In truth, you do not act rationally when you come to plan long term. Evidence from behavioural economics research shows that like most persons you are likely to be bad at committing to save for retirement. Procrastination, myopia and inertia lead many persons to postpone or avoid making the commitment to save sufficiently for the long term even when they know that this is ultimately in their best interest.
Indeed, you know you should save, and have the best intentions of doing so but, when faced with complexity and choice overload, you are likely to decide to ‘do it tomorrow’. At the same time, you are also likely to exhibit a strong ‘status quo’ bias.
There are a number of triggers that influence your behaviour. Understanding such behavioural responses in financial decision making is important for us as it impacts the successful design of investor education and financial strategies.
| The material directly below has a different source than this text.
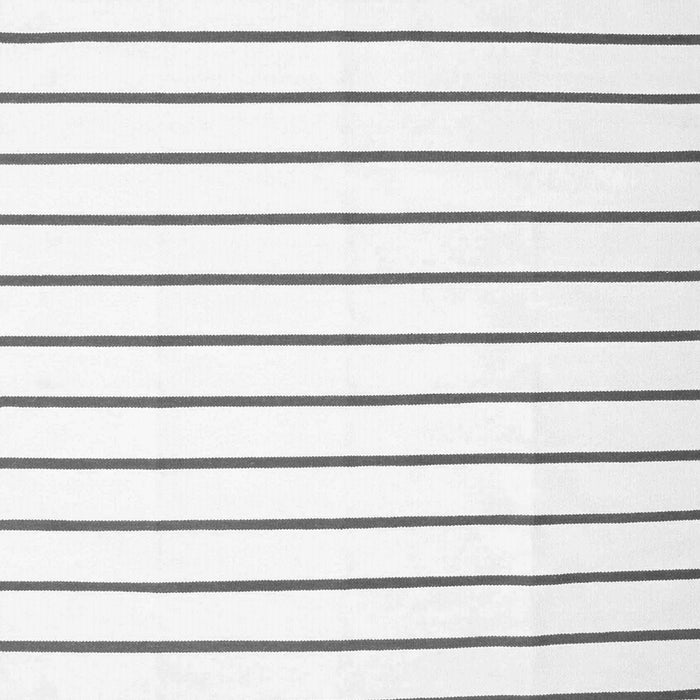 Solid Gray Modern Rug, con1180gry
The Final Report (FR09/14) on ‘Strategic Framework for Investor Education and Financial Literacy’ issued by the Board of the International Organisation of Securities Commissions in October 2014 identifies the following as the most significant of your behavioural responses in financial decision making:
- Ambiguity aversion – the desire to avoid unclear circumstances, even when this will not increase the expected utility.
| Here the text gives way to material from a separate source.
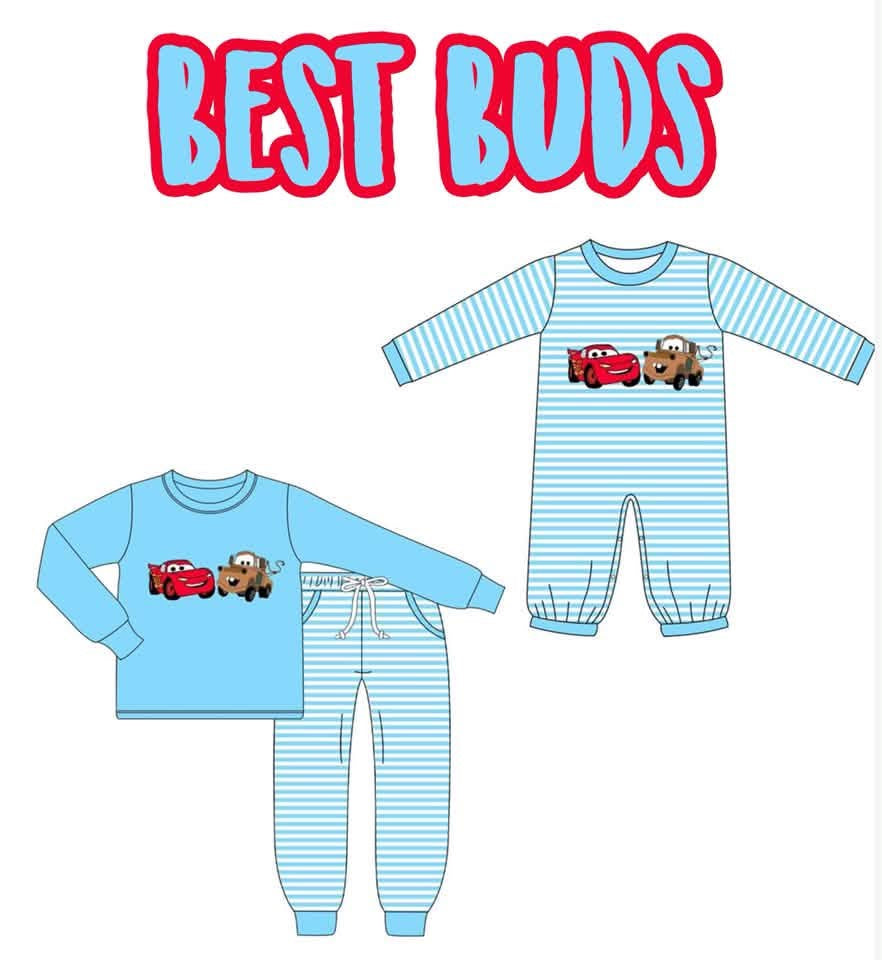 WS PO#34 Best Buds ETA January to BBB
- Anchoring and adjustment – an initial value or starting point influences the final decision. The anchoring effect decreases but does not vanish with higher cognitive ability.
- Availability heuristic – people judge the frequency or probability of some events on the basis of how easily examples or instances can be recalled or remembered.
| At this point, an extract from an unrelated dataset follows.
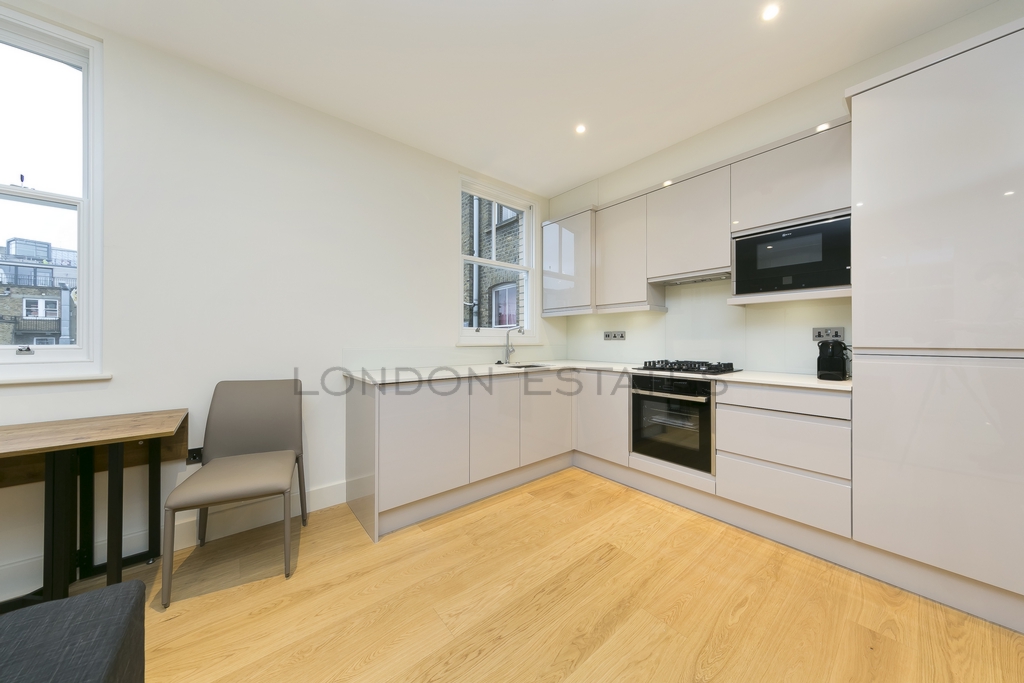 Property To Rent Great Titchfield Street, Fitzrovia, W1W 21 Bedroom Serviced Apartment through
- Choice preference – too many options inhibit or overwhelm selection decision-making.
- Confirmation bias – people use data selectively to agree or confirm their existing views. Investors with a stronger confirmation bias also exhibit greater overconfidence.
- Conflict disclosure – disclosing a conflict of interest may make it more likely that the conflict will actually occur as it increases levels of trust.
- Disposition effect – the propensity of an investor to sell winners too early and hold losers too long.
- Framing effect – a decision is influenced by the phrasing or frame in which the problem is presented.
- Herding – a phenomenon where many people take the same action. Information concerning the number of previous transactions in the market is particularly relevant to explain herding propensity among investors.
- Inertia – the default option becomes the de facto selection even if it is not the optimal choice.
- Loss aversion – people more strongly prefer to avoid small losses than acquire larger gains. Loss aversion is not invoked when spending money that is within an intended budget for purchases, but only when operating outside the intended budget. Loss aversion can actually be a motivation to invest to the extent that when people perceive a loss, they become risk – seeking as opposed to risk averse. When assessing a situation from the perspective of a potential loss, “loss framing” will occur. An investor on a losing streak, for example, may well decide that greater risk is necessary to achieve their target. See also “framing effect” in Other biases and effects related to financial decision-making.
- Myopic loss aversion – combination of loss aversion and a tendency to evaluate outcomes frequently. This leads investors to be more willing to invest a greater proportion of their portfolio in risky assets if they evaluate their investments less frequently.
- Overconfidence – people tend to trade frequently and hurt their own investment performance. Investors are more likely to be overconfident when they are less experienced as they learn about their true ability through experience. Investors with biased information processing behaviour in virtual communities are likely to trade more actively and realise worse performance due to their overconfidence. Overconfident investors, who show a better than average bias, trade more frequently.
- Present bias – the inordinate weight people place on costs and benefits that are immediate.
- Risk aversion – when individuals have the same level of financial education, there is no gender difference in the level of risk aversion.
- Temporal framing – people too heavily discount future benefits in lieu of present consumption.